Let's compute the log likelihood of the word "Swechhabk"
log_likelihood = 0.0
total_bigrams = 0
word = 'swechhabk'
# string to list of characters in the given string
word = ['.'] + list(word)+ ['.']
# sweet way to generate bigrams of a word in python
for ch1, ch2 in zip(word[:-1], word[1:]):
log_prob = torch.log(probs[chartoi[ch1], chartoi[ch2]]).item()
if log_prob == -float('inf'):
print(f"bigram:{ch1}{ch2}")
log_likelihood += log_prob
total_bigrams += 1
print(f"{log_likelihood=}")
log_likelihood /= total_bigrams
nll = -log_likelihood
print(f"{nll=}")
bigram:bk log_likelihood=-inf nll=inf
Let's look at the count_table
and probs
table for bigram 'bk'
count_table[chartoi['b'], chartoi['k']], probs[chartoi['b'], chartoi['k']]
(tensor(0.), tensor(0.))
The bigram 'bk' has never occurred in our names dataset, therefore the probability of 'b' followed by 'k' is zero, taking $\log$ of zero reuslts in negative infinity value.

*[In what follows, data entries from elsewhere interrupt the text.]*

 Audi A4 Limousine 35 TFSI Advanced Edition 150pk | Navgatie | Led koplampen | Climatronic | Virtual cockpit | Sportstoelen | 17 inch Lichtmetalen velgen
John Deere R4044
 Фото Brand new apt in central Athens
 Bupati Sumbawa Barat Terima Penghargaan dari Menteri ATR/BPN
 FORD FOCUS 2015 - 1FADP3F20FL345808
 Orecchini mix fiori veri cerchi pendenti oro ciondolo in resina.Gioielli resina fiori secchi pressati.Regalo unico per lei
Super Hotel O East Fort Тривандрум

We can correct the counts to avoid zero probabilities, one simple way is to add 1 to every count in count_table
.
corrected_count_table = count_table + 1
corrected_probs = corrected_count_table / corrected_count_table.sum(dim=-1, keepdim=True) # -1 is the last dimension
print(f"{corrected_count_table[chartoi['b'], chartoi['k']]=}, {corrected_probs[chartoi['b'], chartoi['k']]=}")

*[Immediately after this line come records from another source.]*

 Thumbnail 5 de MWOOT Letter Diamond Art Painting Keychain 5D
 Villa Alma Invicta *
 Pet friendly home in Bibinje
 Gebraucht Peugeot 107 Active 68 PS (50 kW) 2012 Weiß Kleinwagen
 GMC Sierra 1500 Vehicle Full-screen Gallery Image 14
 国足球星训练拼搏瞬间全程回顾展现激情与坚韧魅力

corrected_count_table[chartoi['b'], chartoi['k']]=tensor(1.), corrected_probs[chartoi['b'], chartoi['k']]=tensor(0.0004)
Let's compute the log likelihood of the word "Swechhabk" using corrected probabilities:
log_likelihood = 0.0
total_bigrams = 0
word = 'swechhabk'
# string to list of characters in the given string
word = ['.'] + list(word)+ ['.']
# sweet way to generate bigrams of a word in python
for ch1, ch2 in zip(word[:-1], word[1:]):
log_prob = torch.log(corrected_probs[chartoi[ch1], chartoi[ch2]]).item()
if log_prob == -float('inf'):
print(f"bigram:{ch1}{ch2}")
log_likelihood += log_prob
total_bigrams += 1
print(f"{log_likelihood=}")
log_likelihood /= total_bigrams
nll = -log_likelihood
print(f"{nll=}")
log_likelihood=-41.08368647098541 nll=4.108368647098541
Looks like we have fixed infinity NLL issue.

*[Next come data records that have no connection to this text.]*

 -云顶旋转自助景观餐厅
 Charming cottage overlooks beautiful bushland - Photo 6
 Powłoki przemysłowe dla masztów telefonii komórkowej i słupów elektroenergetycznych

Any number K can be added as correction to counts ($K \in [1,2,3,...1000,..]$)
What happens if a very large K is used for correction?
For each row, all the counts will be almost the same in magnitude; no significant difference between counts results in a uniform probability distribution. So, it's advised to use smaller values for K.